Tuesday, May 27, 2008

The Depths, perhaps...

It's a testament to your taste, dear readers....the number of you who questioned why I was conversing with a man who insisted that my lack of Instant Messenger was grounds for a match.com divorce. Several wondered if he was for real. One longtime friend, with whom I mainly communicate online said:

"When did we suddenly become reliant on text messages, instant messenger and e-mail to "get to know" someone? Thats ridiculous. I can e-mail you all day, but we've met and we really got to know each other in person."

The conversation continued another round last night:

From: karin
To: MRothko35
Sent: Monday, May 26, 2008 9:55 PM
Subject: RE: RE: RE: RE: hi

That's an interesting deal-breaker.

From: MRothko35
To: Karin
Subject: RE: RE: RE: RE: hi
Date: Monday, May 26, 2008, 9:59 PM

I know. I’m quirky. Other people have their deal breakers. Mine is IM. :) If you accept mine, I’ll accept one of your's later. ;)

The funny thing is that it’s free. :)

And this from a man who co-opted one of last century's great abstract painters as his moniker.

I'd do well to thank one of the FwaBs, Michael, for locating yet again a prescient link (published yesterday!) on date-site men who insist on Instant Messenger. Is this the sign of a married man fronting single? The flirt looking for sex-only conversation....gratification with no additional goal? A writer who relies on emoticons to say what he can't with words?

Could just be a guy who likes IM. Who am I to judge? I like Dunkin' Donuts Turbo Ice dark with cream and 2 Equals every morning.

For awhile in bed, I brainstormed about what quirk I could use as blackmail of my own.....ability to down a box of GoLean cereal in a single sitting? Chronic tardiness? Perfect musical pitch? By the time I was in the shower this morning, I knew none would do. To acquiesce to a lame request was just that....lame.

But if I find out later MRothko35 actually could channel his namesake artistically.... :-) :-) :-)

Nonetheless. It was early in our relationship for him not to sacrifice for my sake. As R.W. Emerson once said, "Why should one regret if the receiver is not equally generous?"

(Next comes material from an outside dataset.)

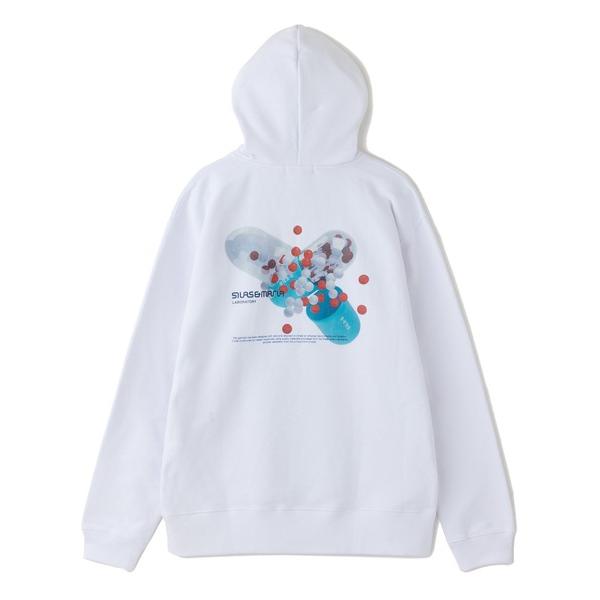 パーカー LAB FULL ZIP SWEAT HOODIE メンズ レディース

The article Michael sent was titled "How to navigate online dating's depths." It's a crapshoot sometimes on whether those depths imply a huge pool of choices....or more simply suggest that the pool might be filled with bottom-feeders.

2 comments:

Unknown said...

Maybe it was the ghost of Mark Rothko. And he can't summon corporeality long enough to wait for a return e-mail.

Or else he likes the picture-y emoticons better than colon-close paren. :)

Alissa said...

i am stubborn and obstinate (two of my charming personality traits) so if someone told me that not liking to IM was a dealbreaker, that--the dealbreaker threat--would be MY dealbreaker. (others include political party affiliation, being against gay marriage, not liking cats and/or dogs, never giving homeless people change...) but you are right, maybe he was trying to be cheeky and cute and flirt with you into talking online. hell, maybe he's shy. i just personally get bored t-y-p-i-n-g out a conversation when it seems so much easier to talk on the phone. (i've also been known to judge by voice.) sometimes i wonder if this has to do with my age and that i spent my teenage years on a corded phone (yay three-way conversations!) and not in front of the computer with eight different IM conversations going on in front of me like my sister.

what will you do? i wait with baited breath for further installments. (seriously. i do.)